Momentan habe Booking auf Mallorca noch nichts Offizielles in Bezug auf die geänderten Provisionsbedingungen verlauten lassen, heißt es aus der Branche. Gleichwohl verfolgen die Hoteliers auf der Insel aufmerksam die weltweite Berichterstattung. „Auseinandersetzungen mit Booking gehören zum Tagesgeschäft", sagt der Hotelier aus dem Südosten der Insel der MZ. „Das sind knallharte Vermittler."

Die mallorquinische Hoteliersvereinigung FEHM gibt zumindest vorerst noch keine Stellungnahme zu dem Vorhaben von Booking ab.
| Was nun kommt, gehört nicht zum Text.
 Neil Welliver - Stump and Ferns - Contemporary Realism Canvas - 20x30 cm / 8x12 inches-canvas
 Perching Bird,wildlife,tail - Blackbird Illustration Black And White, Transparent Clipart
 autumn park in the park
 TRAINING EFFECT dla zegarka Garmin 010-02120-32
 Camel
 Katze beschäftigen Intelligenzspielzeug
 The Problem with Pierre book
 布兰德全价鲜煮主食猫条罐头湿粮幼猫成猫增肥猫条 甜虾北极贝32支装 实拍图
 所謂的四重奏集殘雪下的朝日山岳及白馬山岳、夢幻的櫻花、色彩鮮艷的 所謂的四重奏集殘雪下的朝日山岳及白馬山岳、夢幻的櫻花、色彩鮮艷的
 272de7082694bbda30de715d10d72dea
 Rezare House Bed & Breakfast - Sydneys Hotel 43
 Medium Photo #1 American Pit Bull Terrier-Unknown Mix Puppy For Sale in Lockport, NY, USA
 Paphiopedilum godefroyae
Bisher habe die Online-Plattform keinen Kontakt zu ihren Kunden auf Mallorca aufgenommen - weder zur Vereinigung noch zu den einzelnen Unternehmern. Mit aufgeschreckt durch die MZ-Recherchen setze sich allerdings ein Team an das Thema, um möglichst bald die Hintergründe herauszufinden, wie es vonseiten der FEHM heißt.

Eine der zentralen Fragen ist dabei, wie weit Booking in Europa aufgrund der Gesetzeslage gehen darf. „Unsere Rechtsabteilung wird prüfen, ob es Booking aufgrund der Datenschutzbestimmungen in Spanien überhaupt möglich ist, sich in die Endabrechnung für jeden Kunden einzuklinken", sagt der Inhaber des Hotels im Südosten von Mallorca. Anders sei es nun einmal nicht möglich, die Provisionen für Zusatzleistungen im Hotel abzurechnen. Ärger ist vorprogrammiert.